Lead by Sherry Suyu at the Max Planck Institute for Astrophysics in Germany, the H0LICOW team used the NASA/ESA Hubble Space Telescope and other space- and Earth-based telescopes, including the Keck telescopes in Hawaii, to observe three galaxies and arrive at an independent measurement of the Hubble Constant. Eduard Rusu, a postdoctoral researcher at UC Davis, is first author on one of five papers describing the work, due to be published in the Monthly Notices of the Royal Astronomical Society.

“The Hubble constant is crucial for modern astronomy as it can help to confirm or refute whether our picture of the Universe — composed of dark energy, dark matter and normal matter — is actually correct, or if we are missing something fundamental,” Suyu said.

Dark energy is a mysterious force which makes up about three-quarters of the universe and drives cosmic expansion. Dark matter makes up about a quarter of the universe and exerts a gravitational pull on visible, “normal” matter and light.

Gravitational Lenses Bend Light from Quasar

The H0LiCOW astronomers measured the Hubble Constant by exploiting massive galaxies that act as “gravitational lenses,” bending light from a yet more distant object.
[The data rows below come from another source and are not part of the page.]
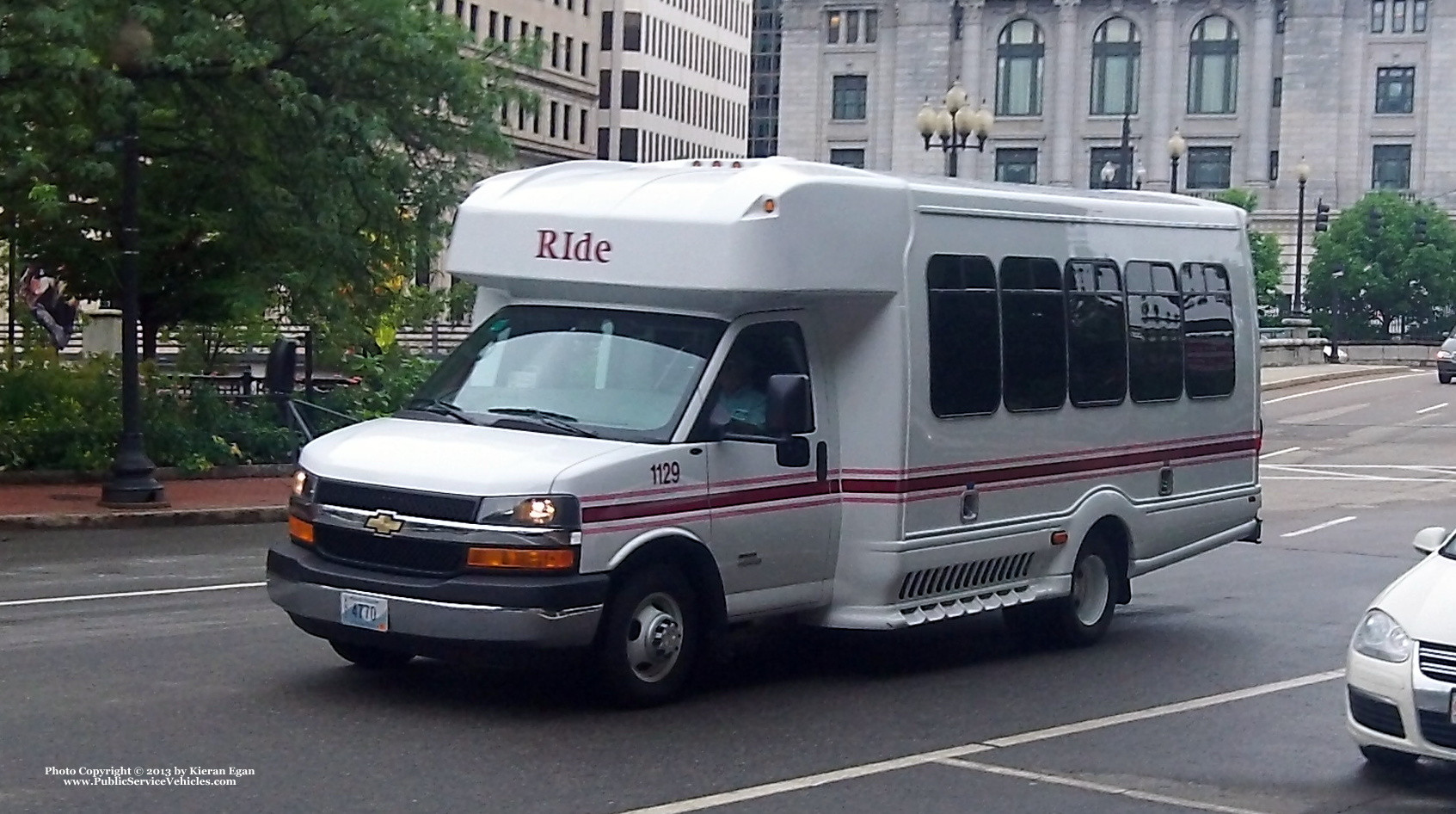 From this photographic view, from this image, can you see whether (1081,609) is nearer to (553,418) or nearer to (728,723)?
(728,723)

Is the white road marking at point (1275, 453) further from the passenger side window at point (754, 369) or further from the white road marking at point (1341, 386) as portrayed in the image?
the passenger side window at point (754, 369)

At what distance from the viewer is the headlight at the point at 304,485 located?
34.2ft

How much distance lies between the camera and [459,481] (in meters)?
9.90

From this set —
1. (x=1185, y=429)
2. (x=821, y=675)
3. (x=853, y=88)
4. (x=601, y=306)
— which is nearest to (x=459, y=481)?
(x=601, y=306)

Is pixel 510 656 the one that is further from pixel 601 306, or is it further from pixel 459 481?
pixel 601 306

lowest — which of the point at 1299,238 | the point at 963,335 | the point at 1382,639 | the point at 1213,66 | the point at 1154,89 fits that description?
the point at 1382,639

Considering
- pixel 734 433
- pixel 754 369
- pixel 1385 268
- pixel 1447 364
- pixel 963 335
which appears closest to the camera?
pixel 734 433

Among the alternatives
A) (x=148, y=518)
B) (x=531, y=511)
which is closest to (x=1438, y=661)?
(x=531, y=511)

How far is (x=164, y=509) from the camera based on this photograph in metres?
21.3

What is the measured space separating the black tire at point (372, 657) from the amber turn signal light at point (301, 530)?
2.11 ft

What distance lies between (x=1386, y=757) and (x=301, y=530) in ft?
17.9

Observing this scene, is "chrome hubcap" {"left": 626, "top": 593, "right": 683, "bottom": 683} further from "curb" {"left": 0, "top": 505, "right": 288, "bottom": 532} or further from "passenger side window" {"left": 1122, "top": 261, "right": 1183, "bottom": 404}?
"curb" {"left": 0, "top": 505, "right": 288, "bottom": 532}

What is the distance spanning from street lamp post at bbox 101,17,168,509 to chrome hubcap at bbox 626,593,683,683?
12097 millimetres

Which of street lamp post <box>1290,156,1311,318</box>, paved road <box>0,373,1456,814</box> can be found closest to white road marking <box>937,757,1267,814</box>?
paved road <box>0,373,1456,814</box> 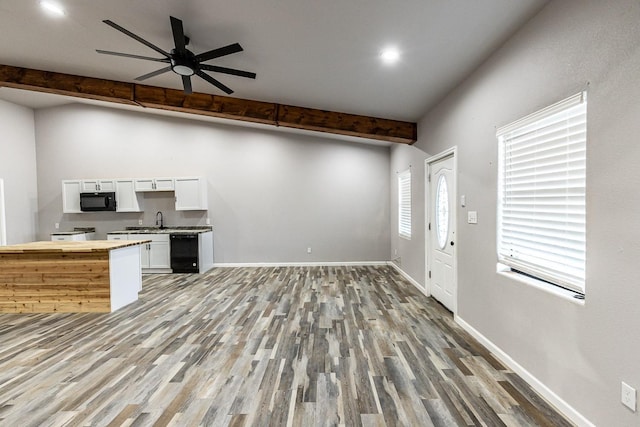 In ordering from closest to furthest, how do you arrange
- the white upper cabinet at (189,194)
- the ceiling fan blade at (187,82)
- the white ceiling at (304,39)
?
the white ceiling at (304,39) → the ceiling fan blade at (187,82) → the white upper cabinet at (189,194)

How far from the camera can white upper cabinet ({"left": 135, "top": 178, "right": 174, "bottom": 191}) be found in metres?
6.45

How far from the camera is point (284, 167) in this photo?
22.5 feet

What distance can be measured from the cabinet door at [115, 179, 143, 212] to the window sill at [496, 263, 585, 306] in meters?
7.01

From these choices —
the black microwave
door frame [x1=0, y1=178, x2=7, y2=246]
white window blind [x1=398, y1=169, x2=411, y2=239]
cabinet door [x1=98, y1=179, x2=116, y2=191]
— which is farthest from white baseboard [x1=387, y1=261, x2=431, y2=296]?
door frame [x1=0, y1=178, x2=7, y2=246]

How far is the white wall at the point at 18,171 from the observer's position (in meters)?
6.22

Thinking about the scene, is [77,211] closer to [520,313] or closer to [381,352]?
[381,352]

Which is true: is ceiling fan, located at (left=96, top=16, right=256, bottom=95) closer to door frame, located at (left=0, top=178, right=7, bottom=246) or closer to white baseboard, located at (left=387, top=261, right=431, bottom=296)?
white baseboard, located at (left=387, top=261, right=431, bottom=296)

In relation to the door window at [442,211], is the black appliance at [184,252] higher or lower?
lower

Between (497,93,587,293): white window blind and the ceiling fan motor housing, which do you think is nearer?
(497,93,587,293): white window blind

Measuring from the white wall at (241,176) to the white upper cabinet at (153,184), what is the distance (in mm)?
346

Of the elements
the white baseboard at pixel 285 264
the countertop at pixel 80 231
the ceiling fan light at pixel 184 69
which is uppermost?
the ceiling fan light at pixel 184 69

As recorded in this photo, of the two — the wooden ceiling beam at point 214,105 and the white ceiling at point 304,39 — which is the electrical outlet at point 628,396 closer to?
the white ceiling at point 304,39

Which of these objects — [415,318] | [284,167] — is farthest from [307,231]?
[415,318]

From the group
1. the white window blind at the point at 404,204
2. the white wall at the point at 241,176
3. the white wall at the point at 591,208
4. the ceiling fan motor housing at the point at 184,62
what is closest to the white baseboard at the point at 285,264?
the white wall at the point at 241,176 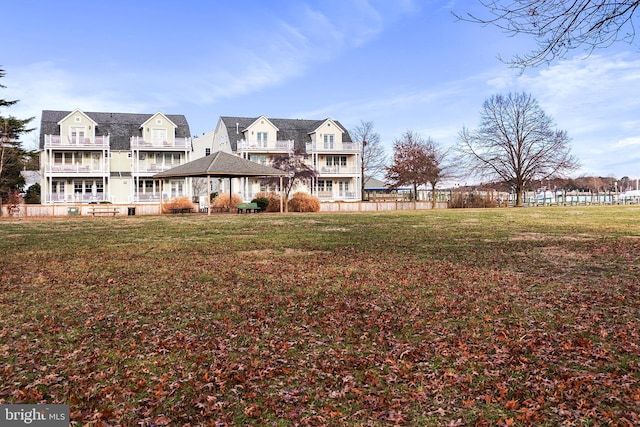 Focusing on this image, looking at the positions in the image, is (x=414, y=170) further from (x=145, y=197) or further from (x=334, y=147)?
(x=145, y=197)

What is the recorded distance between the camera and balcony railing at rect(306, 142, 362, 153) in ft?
168

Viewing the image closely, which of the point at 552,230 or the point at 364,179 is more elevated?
the point at 364,179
They studied three such galaxies, each of which is bending light from an even more distant quasar, a cosmic object whose brightness fluctuates randomly. In each case the gravitational lens creates multiple images of the quasar.
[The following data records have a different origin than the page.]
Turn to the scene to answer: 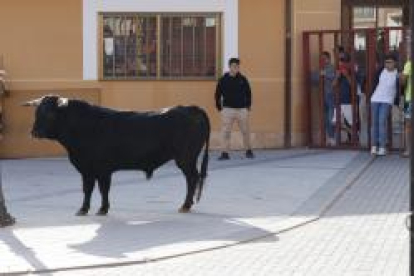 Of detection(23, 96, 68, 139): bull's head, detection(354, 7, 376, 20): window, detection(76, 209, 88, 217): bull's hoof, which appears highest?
detection(354, 7, 376, 20): window

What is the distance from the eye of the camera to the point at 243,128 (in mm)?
16984

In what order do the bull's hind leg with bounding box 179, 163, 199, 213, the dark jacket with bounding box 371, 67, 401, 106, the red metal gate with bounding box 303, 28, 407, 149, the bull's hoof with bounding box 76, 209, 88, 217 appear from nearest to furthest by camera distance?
the bull's hoof with bounding box 76, 209, 88, 217
the bull's hind leg with bounding box 179, 163, 199, 213
the dark jacket with bounding box 371, 67, 401, 106
the red metal gate with bounding box 303, 28, 407, 149

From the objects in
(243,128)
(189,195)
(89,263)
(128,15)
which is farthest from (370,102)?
(89,263)

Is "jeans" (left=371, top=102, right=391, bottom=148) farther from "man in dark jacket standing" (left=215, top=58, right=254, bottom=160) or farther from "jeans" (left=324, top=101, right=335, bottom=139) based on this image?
"man in dark jacket standing" (left=215, top=58, right=254, bottom=160)

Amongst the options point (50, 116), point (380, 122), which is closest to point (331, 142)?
point (380, 122)

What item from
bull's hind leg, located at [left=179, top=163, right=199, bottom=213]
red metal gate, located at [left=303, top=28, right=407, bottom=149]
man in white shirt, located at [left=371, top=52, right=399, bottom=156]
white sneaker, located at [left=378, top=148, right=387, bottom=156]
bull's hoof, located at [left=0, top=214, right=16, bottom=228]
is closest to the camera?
bull's hoof, located at [left=0, top=214, right=16, bottom=228]

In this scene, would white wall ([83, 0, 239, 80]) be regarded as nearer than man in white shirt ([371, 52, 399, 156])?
No

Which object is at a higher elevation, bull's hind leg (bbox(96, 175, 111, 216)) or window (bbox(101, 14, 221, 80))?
window (bbox(101, 14, 221, 80))

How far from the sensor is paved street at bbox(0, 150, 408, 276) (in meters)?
8.33

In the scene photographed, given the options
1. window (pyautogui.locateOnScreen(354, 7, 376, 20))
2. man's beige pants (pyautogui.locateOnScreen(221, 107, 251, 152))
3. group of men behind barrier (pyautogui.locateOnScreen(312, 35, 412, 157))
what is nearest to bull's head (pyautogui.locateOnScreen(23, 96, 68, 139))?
man's beige pants (pyautogui.locateOnScreen(221, 107, 251, 152))

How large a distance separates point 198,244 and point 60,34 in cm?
948

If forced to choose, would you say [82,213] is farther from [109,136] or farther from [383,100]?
[383,100]

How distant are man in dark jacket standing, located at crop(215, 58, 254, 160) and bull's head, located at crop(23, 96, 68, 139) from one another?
6.42 meters

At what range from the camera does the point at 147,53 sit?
17953mm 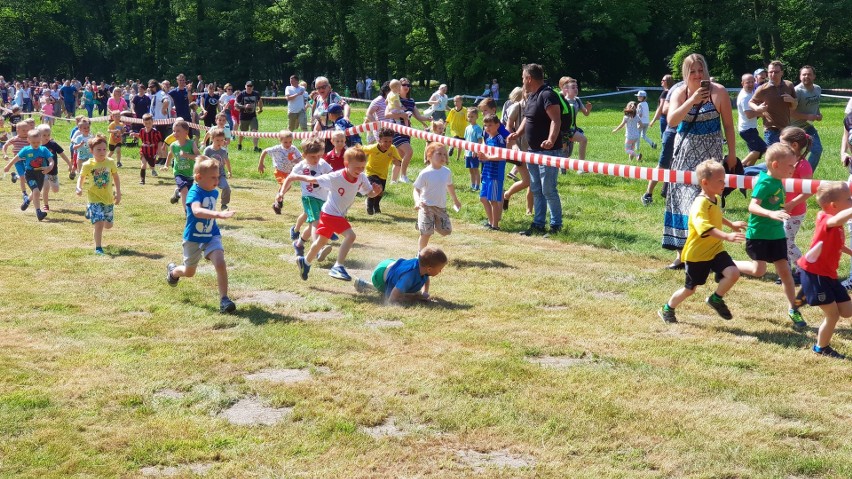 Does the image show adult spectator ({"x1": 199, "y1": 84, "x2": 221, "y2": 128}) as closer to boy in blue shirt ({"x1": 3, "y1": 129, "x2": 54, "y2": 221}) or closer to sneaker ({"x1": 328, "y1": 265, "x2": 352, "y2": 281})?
boy in blue shirt ({"x1": 3, "y1": 129, "x2": 54, "y2": 221})

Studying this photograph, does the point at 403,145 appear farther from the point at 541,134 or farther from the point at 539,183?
the point at 541,134

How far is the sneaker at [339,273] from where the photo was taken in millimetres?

Because mass is not evenly distributed through these massive galaxies, some areas bend or slow light more than others. So light from the quasar will arrive at slightly different times depending on the route it takes through the lens, just as drivers who set off from one city to another at the same time, but travel by different routes, will arrive at different times. By analyzing that “traffic delay,” the researchers could arrive at a figure for the Hubble Constant.
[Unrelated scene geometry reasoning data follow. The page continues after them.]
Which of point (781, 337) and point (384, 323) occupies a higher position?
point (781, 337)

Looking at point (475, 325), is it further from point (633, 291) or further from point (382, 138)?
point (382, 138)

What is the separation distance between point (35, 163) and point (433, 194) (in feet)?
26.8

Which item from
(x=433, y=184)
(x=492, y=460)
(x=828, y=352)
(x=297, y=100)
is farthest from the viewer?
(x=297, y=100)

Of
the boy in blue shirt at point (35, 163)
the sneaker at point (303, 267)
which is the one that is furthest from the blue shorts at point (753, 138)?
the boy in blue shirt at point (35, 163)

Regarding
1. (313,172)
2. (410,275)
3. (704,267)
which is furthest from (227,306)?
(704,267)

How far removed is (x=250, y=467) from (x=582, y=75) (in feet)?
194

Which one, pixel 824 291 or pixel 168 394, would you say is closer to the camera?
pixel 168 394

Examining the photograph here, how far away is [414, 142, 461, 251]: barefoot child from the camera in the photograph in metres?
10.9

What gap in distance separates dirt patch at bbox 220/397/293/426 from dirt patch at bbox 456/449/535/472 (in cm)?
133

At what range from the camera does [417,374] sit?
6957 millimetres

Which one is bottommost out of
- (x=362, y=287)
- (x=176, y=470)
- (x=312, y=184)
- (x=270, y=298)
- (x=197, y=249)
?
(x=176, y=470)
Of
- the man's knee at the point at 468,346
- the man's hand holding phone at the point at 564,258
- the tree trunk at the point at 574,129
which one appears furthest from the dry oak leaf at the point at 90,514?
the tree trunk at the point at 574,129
Rusu’s contribution was to measure the distribution of mass along the line of sight from quasar to telescope. Other team members measured the time delay for light, and the distribution of mass within the lensing galaxy.

“These three things allow us to get a precise measure of the Hubble Constant,” Fassnacht said.

Hint of New Physics

The Hubble Constant estimate from H0LiCOW, 71.9±2.7 kilometers per second per megaparsec, is accurate to 3.8 percent. The figure is in close agreement with measurements by other astronomers based on observations of supernovae, or of variable stars called Cepheids. But these estimates are rather different from that obtained from the Planck space telescope, which measured radiation from the cosmic microwave background.

The Planck measurement does rely on some assumptions, for example that the universe is flat, Fassnacht said. Or, the difference could be a statistical fluctuation that will disappear as the estimates get better — or it could be something more exciting.

“If you still see something when the error bars shrink, maybe it’s new physics, beyond the Standard Model of cosmology,” Fassnacht said.

The H0LiCOW team plans to shrink those error bars by carrying out the same measurements for up to 100 lensed quasars, Fassnacht said.